Svedesi in acido.

Sarà il famigerato Welfare State, l'orario di ufficio worker friendly (comune a tutto il Nord Europa, a dirla tutta), permessi di paternità lunghi mesi, la lunga notte invernale, o che altro, ma in Svezia, come in tutta la Scandinavia, chiunque ha una band, nel relativo ambito musicale, spacca il culo.

Non sto parlando di tempo libero che quarantenni con la panza passano in sala prove piuttosto che giocando a fare i Borg degli anni'00. No cazzo, qui si parla di gente giovane e meno giovane, che suona come se fosse l'unica ragione di vita, prende spunto dalla musica angloamericana (ma non solo, e ne da una versione personale (vogliamo parlare della scena punk r'n'r dei '90? Refused o Hellacopters anyone?).
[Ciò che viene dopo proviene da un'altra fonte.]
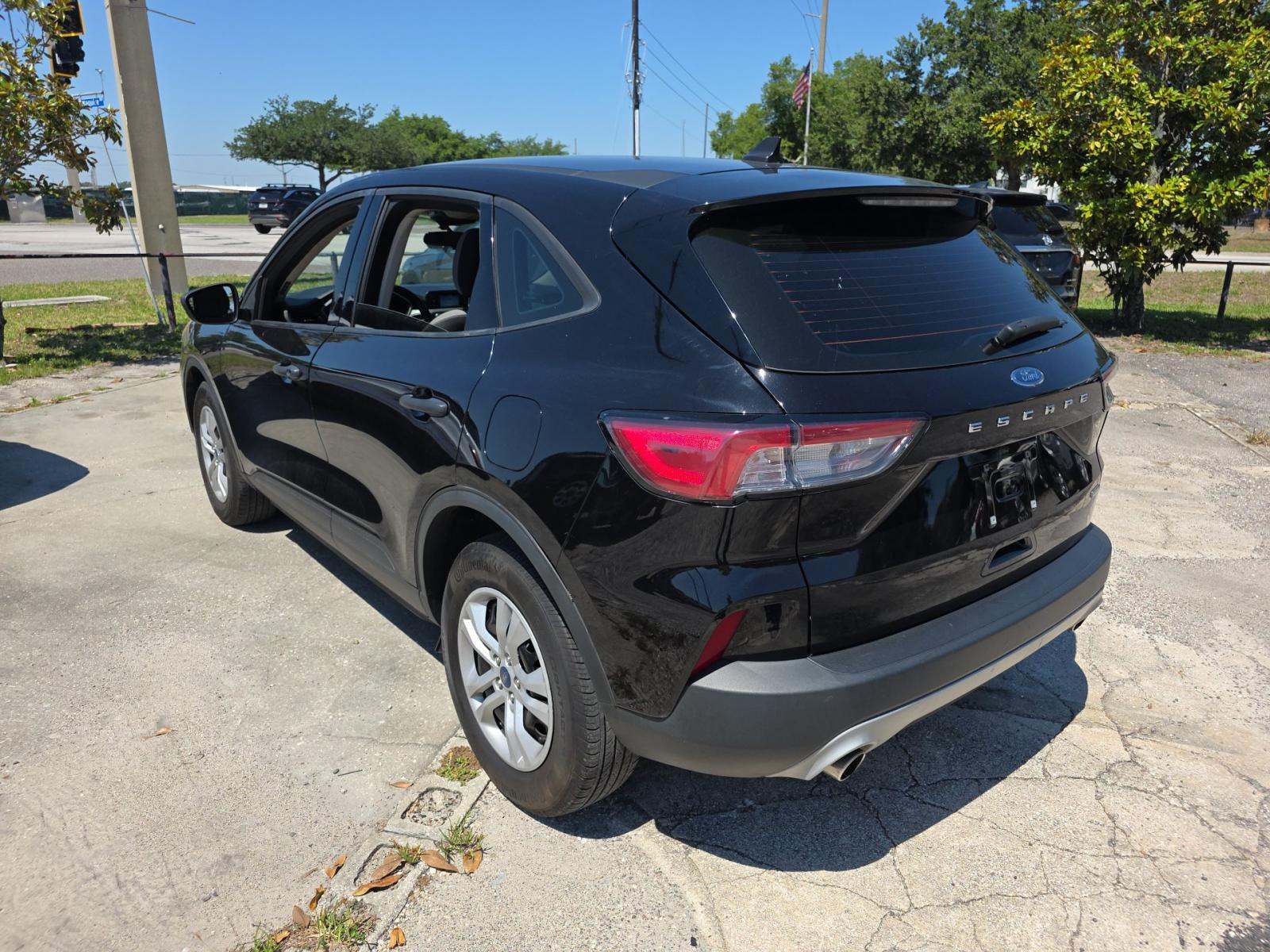 FORD ESCAPE - 2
Questi misconosciuti Hills non sono da meno, incuneandosi sicuri nella tradizione trance psichedelica tipicamente tedesca, condendola con influenze West Coast, ma tutto in maniera se non originale, di sicuro personale. 6 brani, mediamente sui 6 minuti (fossero in 6 sarebbero il gruppo satanista perfetto!), aperti da un monumentale excursus come “Rise Again”, dalla ritmica martellante e ciclica, dove la chitarra disegna ghirigori spaziali verso l'infinito. Spazio che si trasforma in interiore in momenti più meditativi come “Claras Vaggvisa”, con un che di Set The Controls dei Floyd, o nella conclusiva e salmodiante “Death Shall Come”, unico brano propriamente cantato del disco. Menzione d'onore per la titletrack, dall'incalzante fraseggio d'organo sostenuto da una chitarra space blues favolosa, e “Bring Me Sand” incredibile incrocio fra la liquidità chitarristica dei Grateful Dead e ritmica ipnotica fra Neu e Amon Duul.

La colonna sonora perfetta per il prossimo giro(ne) infernale all'Ikea, preferibilmente di domenica pomeriggio.